The Institute of Economic Affairs (IEA) is advocating for a more disciplined approach to Ghana’s fiscal policy. Their proposals include:
- A 3% GDP Cap on Budget Deficits: This stricter limit aligns with the West African Monetary Zone (WAMZ) ceiling and surpasses the 4% set by ECOWAS. The current 5% cap in Ghana’s Fiscal Responsibility Act (FRA) is deemed insufficient.
- A 60% Debt-to-GDP Ratio Cap: This measure aims to ensure long-term debt sustainability.
- Establishment of an Independent Fiscal Council: This council, appointed by the Public Services Commission and approved by Parliament, would provide independent oversight of government budgeting. Its tasks would include:
- Analyzing government budgets
- Offering independent budget forecasts
- Assessing budgetary risks and outcomes
- Monitoring budget implementation
- Ensuring compliance with fiscal rules
Reasons for Reform:
- History of Fiscal Deficits and IMF Dependence: Dr. John Kwakye, IEA’s Director of Research, emphasizes Ghana’s reliance on IMF bailouts due to recurring fiscal imbalances.

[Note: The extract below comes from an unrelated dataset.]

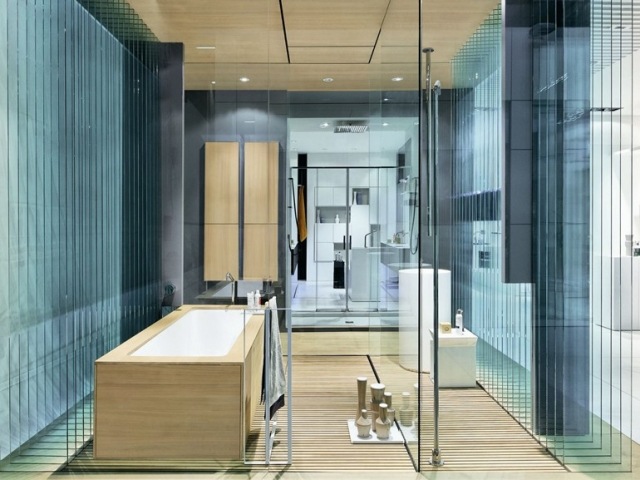 modernt-badrum-utrustning-wellness-bubbelpool-gjord av trä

- Need for Stronger Oversight: The current system lacks a robust analytical framework and effective monitoring, allowing for ad-hoc decision-making.
- Combating Inefficiency and Corruption: Dr. Kwakye argues that loose fiscal practices breed inefficiencies and potentially foster corruption.
Inspiration from Successful Examples:
The IEA proposes modeling the Fiscal Council after established institutions like the US Congressional Budget Office and the UK Office for Budget Responsibility.
Benefits of Reform:
The IEA posits that stricter fiscal rules and an independent Fiscal Council would:
- Anchor fiscal policy and promote long-term macroeconomic stability.
- Reduce reliance on IMF bailouts.
- Increase transparency and accountability in government budgeting.
- Mitigate the risks of fiscal irresponsibility.
By implementing these reforms, the IEA believes Ghana can achieve greater fiscal discipline and a more sustainable economic future.